Data excerpts ->
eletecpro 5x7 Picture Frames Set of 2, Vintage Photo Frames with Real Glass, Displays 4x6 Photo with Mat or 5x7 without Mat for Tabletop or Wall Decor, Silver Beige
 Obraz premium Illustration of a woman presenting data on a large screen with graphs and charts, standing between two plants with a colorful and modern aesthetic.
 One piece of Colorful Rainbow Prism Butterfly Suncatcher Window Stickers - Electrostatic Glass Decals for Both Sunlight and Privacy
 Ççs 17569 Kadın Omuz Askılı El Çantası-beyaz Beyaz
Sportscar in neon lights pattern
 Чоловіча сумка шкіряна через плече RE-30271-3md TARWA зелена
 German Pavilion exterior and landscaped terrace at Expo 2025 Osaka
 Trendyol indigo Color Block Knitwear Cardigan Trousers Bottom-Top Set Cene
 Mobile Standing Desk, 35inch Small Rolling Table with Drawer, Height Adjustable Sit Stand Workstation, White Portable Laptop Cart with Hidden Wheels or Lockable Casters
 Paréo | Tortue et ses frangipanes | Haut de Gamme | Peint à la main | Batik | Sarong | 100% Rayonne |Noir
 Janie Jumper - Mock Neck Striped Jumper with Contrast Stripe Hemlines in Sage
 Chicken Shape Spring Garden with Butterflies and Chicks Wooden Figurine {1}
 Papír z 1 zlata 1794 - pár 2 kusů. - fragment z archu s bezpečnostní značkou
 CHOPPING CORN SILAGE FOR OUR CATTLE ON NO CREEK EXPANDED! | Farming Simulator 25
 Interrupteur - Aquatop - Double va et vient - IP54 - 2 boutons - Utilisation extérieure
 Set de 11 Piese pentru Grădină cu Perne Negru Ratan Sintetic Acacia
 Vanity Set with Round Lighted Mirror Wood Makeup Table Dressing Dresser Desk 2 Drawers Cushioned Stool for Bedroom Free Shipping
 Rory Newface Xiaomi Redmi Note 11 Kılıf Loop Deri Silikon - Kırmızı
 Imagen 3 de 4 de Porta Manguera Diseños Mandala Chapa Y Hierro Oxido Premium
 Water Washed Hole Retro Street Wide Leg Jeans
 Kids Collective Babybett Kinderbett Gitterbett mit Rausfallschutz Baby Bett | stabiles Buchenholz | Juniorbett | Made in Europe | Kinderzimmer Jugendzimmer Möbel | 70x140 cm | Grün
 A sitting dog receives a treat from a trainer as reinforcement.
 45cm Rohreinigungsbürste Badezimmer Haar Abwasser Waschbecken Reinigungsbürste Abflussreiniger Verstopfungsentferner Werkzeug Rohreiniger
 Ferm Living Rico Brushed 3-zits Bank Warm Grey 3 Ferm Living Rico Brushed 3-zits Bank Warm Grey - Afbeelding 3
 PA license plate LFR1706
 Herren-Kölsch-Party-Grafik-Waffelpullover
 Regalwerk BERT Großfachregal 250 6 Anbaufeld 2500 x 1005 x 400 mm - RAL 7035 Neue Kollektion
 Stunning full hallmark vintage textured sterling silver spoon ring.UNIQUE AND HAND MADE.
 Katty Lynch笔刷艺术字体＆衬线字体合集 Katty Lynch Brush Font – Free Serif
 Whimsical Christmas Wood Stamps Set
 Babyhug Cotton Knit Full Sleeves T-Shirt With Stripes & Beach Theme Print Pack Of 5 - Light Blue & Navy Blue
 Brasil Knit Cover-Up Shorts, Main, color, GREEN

Task requirements -> Write out every line of the entries that holds the word "Glass".

Response for this exercise ->
eletecpro 5x7 Picture Frames Set of 2, Vintage Photo Frames with Real Glass, Displays 4x6 Photo with Mat or 5x7 without Mat for Tabletop or Wall Decor, Silver Beige
 One piece of Colorful Rainbow Prism Butterfly Suncatcher Window Stickers - Electrostatic Glass Decals for Both Sunlight and Privacy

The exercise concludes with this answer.